◆ BRIEF ◆
A stretch of the entries below is to be set down exactly, running from the line with "peugeot 106 (s2) del año 2000" through the line with "Load image into", both included, and no other line.

(Short descriptive text snippets)
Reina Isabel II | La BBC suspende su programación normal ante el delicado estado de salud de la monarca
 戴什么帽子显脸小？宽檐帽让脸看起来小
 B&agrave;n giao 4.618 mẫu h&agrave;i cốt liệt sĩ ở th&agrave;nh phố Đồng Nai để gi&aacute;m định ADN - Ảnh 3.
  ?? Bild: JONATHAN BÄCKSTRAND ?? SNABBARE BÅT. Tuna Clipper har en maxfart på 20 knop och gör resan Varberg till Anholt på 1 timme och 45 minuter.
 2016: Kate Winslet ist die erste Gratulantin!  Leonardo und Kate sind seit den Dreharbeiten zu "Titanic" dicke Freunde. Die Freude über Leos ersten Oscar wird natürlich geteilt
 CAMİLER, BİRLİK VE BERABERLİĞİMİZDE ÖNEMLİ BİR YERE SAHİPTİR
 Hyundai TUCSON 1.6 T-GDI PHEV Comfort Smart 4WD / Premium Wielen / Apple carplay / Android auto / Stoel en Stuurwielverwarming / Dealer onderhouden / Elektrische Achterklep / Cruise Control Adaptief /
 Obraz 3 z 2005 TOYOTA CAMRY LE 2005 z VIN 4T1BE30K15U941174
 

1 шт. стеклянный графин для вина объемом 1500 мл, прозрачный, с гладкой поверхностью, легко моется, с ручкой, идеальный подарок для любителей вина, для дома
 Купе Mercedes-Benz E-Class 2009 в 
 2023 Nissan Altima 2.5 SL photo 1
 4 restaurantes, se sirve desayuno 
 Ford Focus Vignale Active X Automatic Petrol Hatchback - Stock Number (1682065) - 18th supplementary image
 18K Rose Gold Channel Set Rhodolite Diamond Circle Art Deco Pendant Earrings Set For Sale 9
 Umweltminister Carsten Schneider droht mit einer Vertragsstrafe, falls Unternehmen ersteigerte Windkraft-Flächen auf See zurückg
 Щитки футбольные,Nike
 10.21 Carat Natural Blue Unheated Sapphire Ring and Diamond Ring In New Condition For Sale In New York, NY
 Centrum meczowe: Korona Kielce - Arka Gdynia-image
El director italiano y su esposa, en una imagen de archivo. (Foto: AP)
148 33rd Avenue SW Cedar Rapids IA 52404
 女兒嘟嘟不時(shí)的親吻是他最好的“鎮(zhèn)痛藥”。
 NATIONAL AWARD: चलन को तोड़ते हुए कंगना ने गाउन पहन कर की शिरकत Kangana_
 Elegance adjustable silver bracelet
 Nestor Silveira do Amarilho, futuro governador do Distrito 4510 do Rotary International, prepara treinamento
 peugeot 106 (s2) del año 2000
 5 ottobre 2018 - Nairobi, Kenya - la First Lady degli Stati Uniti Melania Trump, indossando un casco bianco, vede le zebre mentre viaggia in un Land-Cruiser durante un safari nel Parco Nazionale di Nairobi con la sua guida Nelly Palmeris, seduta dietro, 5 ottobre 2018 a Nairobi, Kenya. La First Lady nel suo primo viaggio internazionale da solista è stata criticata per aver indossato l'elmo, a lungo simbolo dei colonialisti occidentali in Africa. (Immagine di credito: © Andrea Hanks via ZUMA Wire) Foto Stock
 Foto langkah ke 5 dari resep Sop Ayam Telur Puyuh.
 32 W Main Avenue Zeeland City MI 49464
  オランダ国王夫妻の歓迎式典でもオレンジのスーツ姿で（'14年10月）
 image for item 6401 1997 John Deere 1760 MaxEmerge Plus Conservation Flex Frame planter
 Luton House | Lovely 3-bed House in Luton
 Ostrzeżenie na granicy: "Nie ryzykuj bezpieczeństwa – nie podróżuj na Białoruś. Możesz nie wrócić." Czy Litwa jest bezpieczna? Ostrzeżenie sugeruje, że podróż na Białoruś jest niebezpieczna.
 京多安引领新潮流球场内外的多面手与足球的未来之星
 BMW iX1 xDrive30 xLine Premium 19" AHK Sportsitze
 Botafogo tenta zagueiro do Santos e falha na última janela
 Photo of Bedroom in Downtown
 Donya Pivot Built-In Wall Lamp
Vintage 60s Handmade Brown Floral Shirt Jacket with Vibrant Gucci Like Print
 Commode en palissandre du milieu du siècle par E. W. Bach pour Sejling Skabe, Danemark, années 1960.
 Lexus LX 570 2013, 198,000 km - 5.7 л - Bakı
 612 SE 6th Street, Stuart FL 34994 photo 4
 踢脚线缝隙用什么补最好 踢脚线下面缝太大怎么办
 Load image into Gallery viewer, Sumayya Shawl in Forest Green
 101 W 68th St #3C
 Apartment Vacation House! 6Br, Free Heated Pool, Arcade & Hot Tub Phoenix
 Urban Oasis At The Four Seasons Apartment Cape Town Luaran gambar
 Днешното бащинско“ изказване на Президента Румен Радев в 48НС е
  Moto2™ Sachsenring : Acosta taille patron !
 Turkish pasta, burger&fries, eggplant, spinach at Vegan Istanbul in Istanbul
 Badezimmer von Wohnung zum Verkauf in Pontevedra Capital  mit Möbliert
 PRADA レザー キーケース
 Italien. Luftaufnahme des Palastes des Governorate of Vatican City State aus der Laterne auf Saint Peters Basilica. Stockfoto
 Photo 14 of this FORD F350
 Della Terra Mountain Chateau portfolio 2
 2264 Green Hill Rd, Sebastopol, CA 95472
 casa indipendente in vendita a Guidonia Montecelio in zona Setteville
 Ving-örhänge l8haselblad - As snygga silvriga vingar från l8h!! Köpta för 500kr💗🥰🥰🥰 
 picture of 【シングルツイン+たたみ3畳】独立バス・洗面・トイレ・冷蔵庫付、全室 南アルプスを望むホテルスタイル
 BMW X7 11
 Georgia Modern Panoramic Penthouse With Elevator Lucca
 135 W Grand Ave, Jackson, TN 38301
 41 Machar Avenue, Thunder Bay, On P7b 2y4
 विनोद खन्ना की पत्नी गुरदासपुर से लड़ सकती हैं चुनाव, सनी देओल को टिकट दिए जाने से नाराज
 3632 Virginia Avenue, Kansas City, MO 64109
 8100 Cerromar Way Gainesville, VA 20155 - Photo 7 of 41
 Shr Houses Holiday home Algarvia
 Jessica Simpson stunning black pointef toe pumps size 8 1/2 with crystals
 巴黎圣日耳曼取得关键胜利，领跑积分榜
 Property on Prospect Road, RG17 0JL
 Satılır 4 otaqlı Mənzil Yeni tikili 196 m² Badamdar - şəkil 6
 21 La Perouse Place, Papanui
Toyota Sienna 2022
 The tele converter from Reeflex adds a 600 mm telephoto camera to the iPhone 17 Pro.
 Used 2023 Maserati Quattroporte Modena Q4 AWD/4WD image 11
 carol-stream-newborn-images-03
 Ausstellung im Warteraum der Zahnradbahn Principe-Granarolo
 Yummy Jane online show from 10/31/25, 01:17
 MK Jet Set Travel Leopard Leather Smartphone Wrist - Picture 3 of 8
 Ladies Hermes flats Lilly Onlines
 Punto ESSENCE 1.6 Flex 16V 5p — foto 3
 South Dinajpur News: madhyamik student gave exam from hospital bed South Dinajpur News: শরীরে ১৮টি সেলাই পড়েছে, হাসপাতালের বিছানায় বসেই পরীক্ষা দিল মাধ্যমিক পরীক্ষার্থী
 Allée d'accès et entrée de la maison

◆ FINISHED TASK ◆
 peugeot 106 (s2) del año 2000
 5 ottobre 2018 - Nairobi, Kenya - la First Lady degli Stati Uniti Melania Trump, indossando un casco bianco, vede le zebre mentre viaggia in un Land-Cruiser durante un safari nel Parco Nazionale di Nairobi con la sua guida Nelly Palmeris, seduta dietro, 5 ottobre 2018 a Nairobi, Kenya. La First Lady nel suo primo viaggio internazionale da solista è stata criticata per aver indossato l'elmo, a lungo simbolo dei colonialisti occidentali in Africa. (Immagine di credito: © Andrea Hanks via ZUMA Wire) Foto Stock
 Foto langkah ke 5 dari resep Sop Ayam Telur Puyuh.
 32 W Main Avenue Zeeland City MI 49464
  オランダ国王夫妻の歓迎式典でもオレンジのスーツ姿で（'14年10月）
 image for item 6401 1997 John Deere 1760 MaxEmerge Plus Conservation Flex Frame planter
 Luton House | Lovely 3-bed House in Luton
 Ostrzeżenie na granicy: "Nie ryzykuj bezpieczeństwa – nie podróżuj na Białoruś. Możesz nie wrócić." Czy Litwa jest bezpieczna? Ostrzeżenie sugeruje, że podróż na Białoruś jest niebezpieczna.
 京多安引领新潮流球场内外的多面手与足球的未来之星
 BMW iX1 xDrive30 xLine Premium 19" AHK Sportsitze
 Botafogo tenta zagueiro do Santos e falha na última janela
 Photo of Bedroom in Downtown
 Donya Pivot Built-In Wall Lamp
Vintage 60s Handmade Brown Floral Shirt Jacket with Vibrant Gucci Like Print
 Commode en palissandre du milieu du siècle par E. W. Bach pour Sejling Skabe, Danemark, années 1960.
 Lexus LX 570 2013, 198,000 km - 5.7 л - Bakı
 612 SE 6th Street, Stuart FL 34994 photo 4
 踢脚线缝隙用什么补最好 踢脚线下面缝太大怎么办
 Load image into Gallery viewer, Sumayya Shawl in Forest Green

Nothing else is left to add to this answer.